On reflection, I think I liked this film so much because it let me relax (not just because I was sans Bean, although that helps). It was because it didn’t demand of me that I put aside kneejerk principled reaction in order to enjoy the experience. There was nothing for this humourless feminist to get shirty about.
For once, it was a mainstream film for women and about women where the bulk of the dialogue had nothing to do with men, romance or weddings. Both Julie and Julia were characters who did things and were interested in more than their apparent desirablity to others. Sure they both spend most of their time in the kitchen – but they want to be there. Nice.

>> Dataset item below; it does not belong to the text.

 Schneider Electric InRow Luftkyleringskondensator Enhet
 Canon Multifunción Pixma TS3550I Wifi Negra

But I think, more than this, what I liked about the film was the abscence of misogyny. Sounds kind of silly to say it so plainly but the fact is that even in the chick flick genre, overt misogyny is rife right now. An obvious example would be the execrable The Ugly Truth, where the leading man is meant to be appealing because he’s not quite as bad as a guy who laughs at his own rape jokes on live television. Perhaps that film is an extreme example – but even when the lead actor plays a basically nice guy, he usually has at least one douchebag friend with a porn addiction or a tendency to ask inappropriate questions about the female lead’s anatomy. In other words, they find some way to insert a good dose of objectification into the script. For laughs. Because that stuff is so funny.
Somehow, Nora Ephron and her Julie and Julia team have managed to make a chick flick without any arseholes. The male leads in Julie and Julia are genuinely nice guys who love and support their wives, enjoy having consensual and mutually pleasurable sex with them, show affection and concern when appropriate, and delight in their partners’ successes.

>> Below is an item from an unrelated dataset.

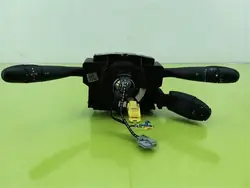 Gecombineerde schakelaar Peugeot 307 I 2001-2005 OEM 96605687XT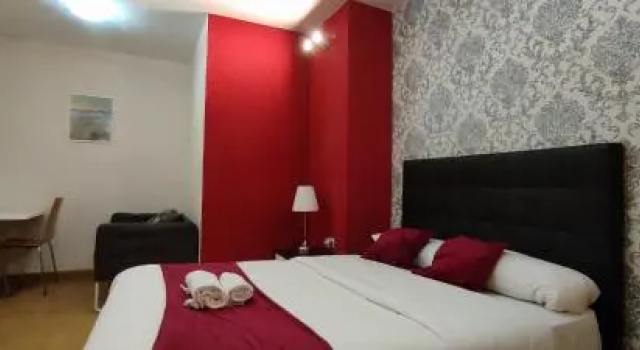Guest House Barcelona Bruc I & II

Feminists are so often accused of being man-haters but the simple truth is that many of us adore men. Certain men. And the irony is that it is misogyny and bigotry which paints men in a bad light: The Ugly Truth (and countless films and TV shows just like it) suggests that all men are nothing but two-dimensional neanderthals incapable of real connection and love because of the incapacitating effect of their sex-driven decision making. They put forward a view of masculinity that is not only limited to hetero-and-macho, but is also deeply flawed and frankly, unlikable.

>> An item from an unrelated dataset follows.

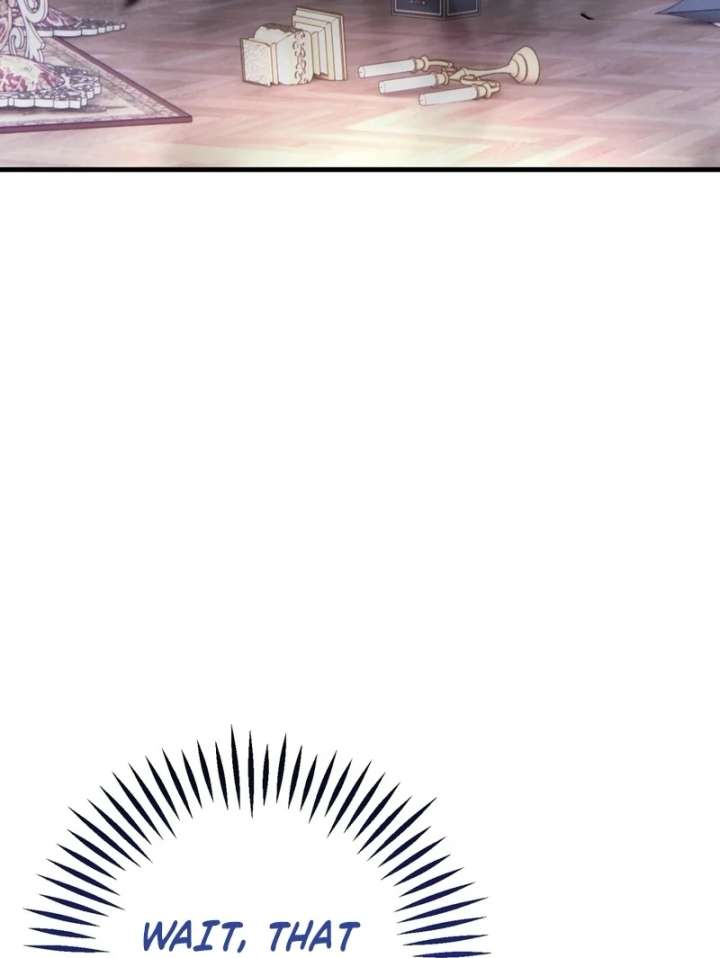 To My Dear Wolf Chapter 3 - Page 86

On the other hand, as a feminist, I expect more from men than the cookie-cutter mold of sexist gender stereotyping generally allows. I know that men can be caring. Intelligent. Diverse. Multi-dimensional. Capable of restraint and also passion.
And respectful.
It took me a while to realise that one of the things I liked most about Julie and Julia was actually the husbands (particularly Stanley Tucci’s beguiling portrayal of Paul Child). My friend and I certainly didn’t chat much about them in our post-film debrief. But perhaps, after all, that was as it should be. To us there was nothing remarkable about those characters - we were going home to men who love and value us and treat us with respect.
I wish it were the same for all straight, partnered women.
And I wish it weren’t such a novelty to go to the cinema to watch a bit of froth without coming out frothing at the mouth.